In order to present the role modeling in a formal way, we have constructed the UML class diagram. In Fig. 2, we present the role model specification to depict how objects constituting the system are interrelated. The main concepts used by the role modeling approach are roles, communicative actions, and behaviors. A communicative action (ca) is a type of interaction between two roles and expresses, encoded, the reason for interaction, e.g., acceptOrder, fail, inform. A behavior expresses a potential collaboration between roles that mean to communicate using the communicative action. A role expresses a behavior to a peer role, while a participant, which could be a service, a human, or an agent, plays a role that express a behavior. The way that a role interacts with another role is considered as a behavior of the first role. A role expresses different aspects of collaboration to other roles through different behaviors. Therefore, a role is modeled as a set of the expected behaviors it exhibits, which states the interactions in which it is potentially involved. Although the RM diagram presents the possible interaction between roles through the execution of the appropriate behavior, we need, additionally, to state explicitly under which circumstances the role has the ability to execute a behavior and, when the behavior is executed, which are the changes that happen. These are expressed as sentences and are the precondition and effects, respectively, of the transition that happened in the domain, when a behavior is executed. Transition and sentences are expressed in a formal system, which enable reasoning over state transitions.

Fig. 2
figure 2

The UML class diagram for the role model

In order to model a smart city domain as a role domain, we first need to define the objectives of it. According to the role modeling approach, all domain goals identified are organized in an ontology. From domain goals derive, the communicative intends and abstracts behaviors are partitioned to roles of the domain. The communication of roles with other peer roles constitutes the behavior of each role. Once a role communication is defined, the preconditions and effects of each communication to be executed are stated. Having all the details to design the role model of the domain, we facilitate the role model with the participant services. Available services are enrolled to the domain, and for each service, the roles it plays are determined. For this reason, extra details or attributes and their meanings (semantics) must be identified by name, data type, constraints, and default values. Consequently, each service is mapped to create a relation between the service and the roles to be played. In the next step for the utilization of the role model domain, solution design could be created via finding plans that correspond to domain goals. Since the process of service enrolment to the semantic domain is completed, different solution designs that correspond to use cases could be created as a sequence of paths of behaviors that could be executed to accomplish given domain goals. All the solutions are stored as behavior paths in the plan library.

Teamworking Roles

Even though the role model is an abstraction that describes the patterns of interactions among a set of entities, our intention is to introduce specialized teamwork roles that intervene when particular behaviors take place, for infusing team working behavior within smart city services.

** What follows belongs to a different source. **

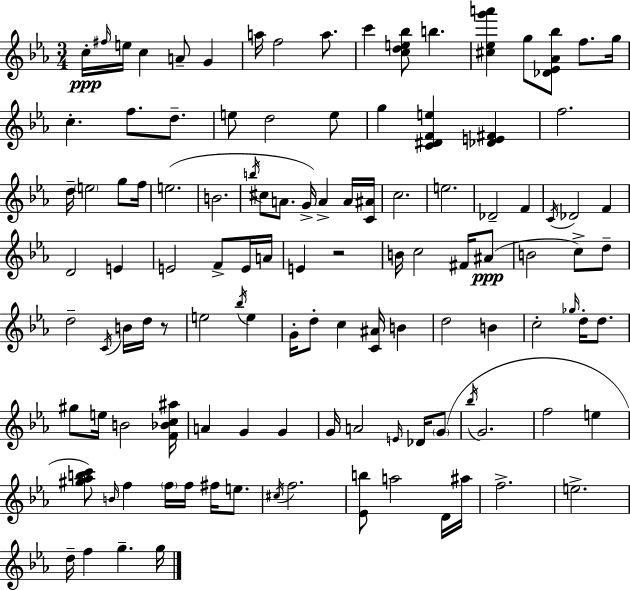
C5/s F#5/s E5/s C5/q A4/e G4/q A5/s F5/h A5/e. C6/q [C5,D5,E5,Bb5]/e B5/q. [C#5,Eb5,G6,A6]/q G5/e [Db4,Eb4,Ab4,Bb5]/e F5/e. G5/s C5/q. F5/e. D5/e. E5/e D5/h E5/e G5/q [C4,D#4,F4,E5]/q [Db4,E4,F#4]/q F5/h. D5/s E5/h G5/e F5/s E5/h. B4/h. B5/s C#5/e A4/e. G4/s A4/q A4/s [C4,A#4]/s C5/h. E5/h. Db4/h F4/q C4/s Db4/h F4/q D4/h E4/q E4/h F4/e E4/s A4/s E4/q R/h B4/s C5/h F#4/s A#4/e B4/h C5/e D5/e D5/h C4/s B4/s D5/s R/e E5/h Bb5/s E5/q G4/s D5/e C5/q [C4,A#4]/s B4/q D5/h B4/q C5/h Gb5/s D5/s D5/e. G#5/e E5/s B4/h [F4,Bb4,C5,A#5]/s A4/q G4/q G4/q G4/s A4/h E4/s Db4/s G4/e Bb5/s G4/h. F5/h E5/q [G#5,Ab5,B5,C6]/e B4/s F5/q F5/s F5/s F#5/s E5/e. C#5/s F5/h. [Eb4,B5]/e A5/h D4/s A#5/s F5/h. E5/h. D5/s F5/q G5/q. G5/s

Motivated by the organizational behavior and the teamwork theory (Margerison and McCann 1990; Belbin 1993), in order to bring teamwork abilities to smart city service composition, we argue that services similar to agents and robots, except from functional behavior, they also have to exhibit teamwork behavior when they cooperate. In case that no member services exhibit such behavior, then other services should be included into the composition in order to provide this behavior. This behavior of the composite service will be beyond the individuals capabilities. Following it, it exploit its ability to better cooperate since reactive systems in the real-world do not always work as planned.

To achieve this and based on the role-model paradigm for services presented, we introduce a teamwork role model enhanced by service teamwork roles. We propose eight additional service roles that are teamwork to be involved during the composition process, which are developer, organizer, promoter, inspector-monitor, producer, advisor, innovator, and maintainer. The eight roles were derived by combining the teamwork theory focusing on the behavior of high-performing human teams and the fifteen teamwork factors emerged from agent team working, which are actually the behavioral descriptors for these roles. The enriched model can be proved beneficial to create more efficient and stable teams of services, i.e., composite services such that their components–members promote better understanding, and much more likely, they are able to cooperate effectively and achieve their objectives. The roles involved in the case study that follows are briefly described below while detailed description is provided in (Fitsilis et al. 2018)::

Developer Role

During the composition of services, the developer role finds a plan and in cooperation with other teamwork roles of the domain, qualifies the development of teamwork-enabled composed services. The result is a composite service that is generated by establishing teamwork attitude during its execution. The team development involves everything that groups do to be formed and operate, i.e., how they come together, how they evolve and dissolve, and the different phases participants can go through.

Organizer Role

Organizer role is a role needed for organizing and monitoring the execution of various activities. It is possible that different services are assigned both the roles of developer and organizer; however, these services should be strongly coupled.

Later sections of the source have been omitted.